Radfahren: Sind Regelbrecher Kleinkinder?
Sind Radfahrer wie Kleinkinder: schwach an eigenem Willen, passiv getrieben durch äußere Umstände? Unser Standpunkt ist das nicht – aber ein radfreundlich gemeintes Forschungsprojekt malt dieses klägliche Bild.
Das Projekt „Rules“ der Universität Freiburg klingt erst einmal gut: Es will Regelverstöße im Radverkehr erklären und sammelt dazu Fälle auf seiner Website. Bei näherem Hinsehen entsteht aber der Eindruck: Das Projekt will vor allem Radfahrer von der Verantwortung für Regelverstöße freisprechen.

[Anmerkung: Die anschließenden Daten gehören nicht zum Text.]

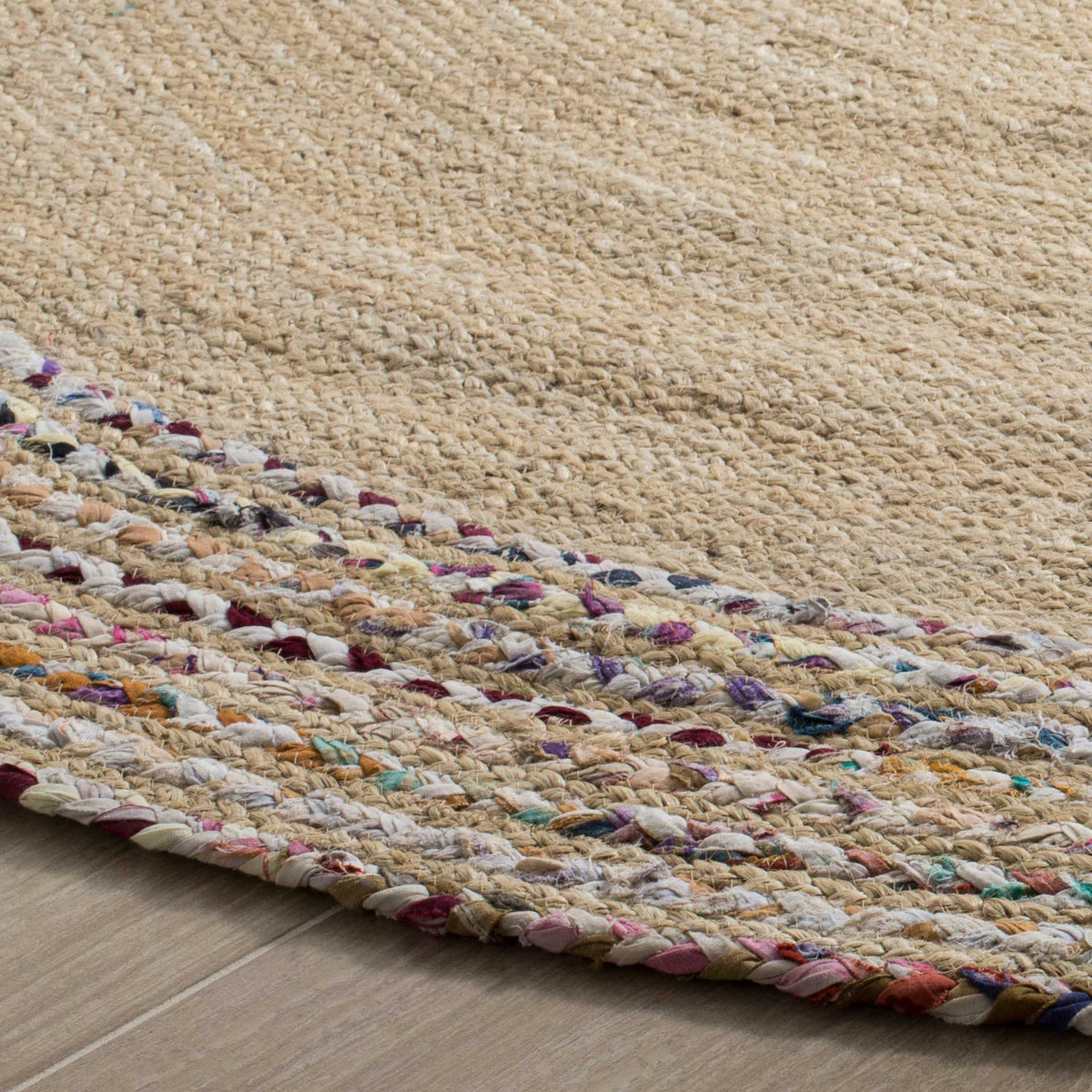Natural jute coils transition into a softly speckled border with a tidy bound edge.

Wer wissenschaftlich forscht, will normalerweise herausfinden, wie etwas ist, ob es so ist wie angenommen oder warum es ist, wie es ist. In jedem Fall ist das Ergebnis offen. Ganz anders bei „Rules“. Der dafür verantwortliche Psychologe Rul von Stülpnagel weiß schon vorher, was er zu Regelverstößen auf dem Rad erst noch erforschen will: „Wir möchten zeigen, dass (Hervorhebung von FUSS) viele Verstöße situativ zu betrachten sind und aus Unzumutbarkeit oder fehlender Klarheit im Straßenraum hervorgehen.“
Er weiß also schon, was das Projekt erst noch belegen will: Die Situation ist meist schuld. Als nächstes unterstellt er: fast sämtliche Radler rüpeln. „Regelverstöße (z.B. auf dem Gehweg fahren) werden von nahezu allen Radfahrenden regelmäßig begangen.“ Als drittes weiß er: „Oft gibt es dafür aus Sicht der Radfahrenden gute Gründe.“ Nämlich die schlechten Umstände.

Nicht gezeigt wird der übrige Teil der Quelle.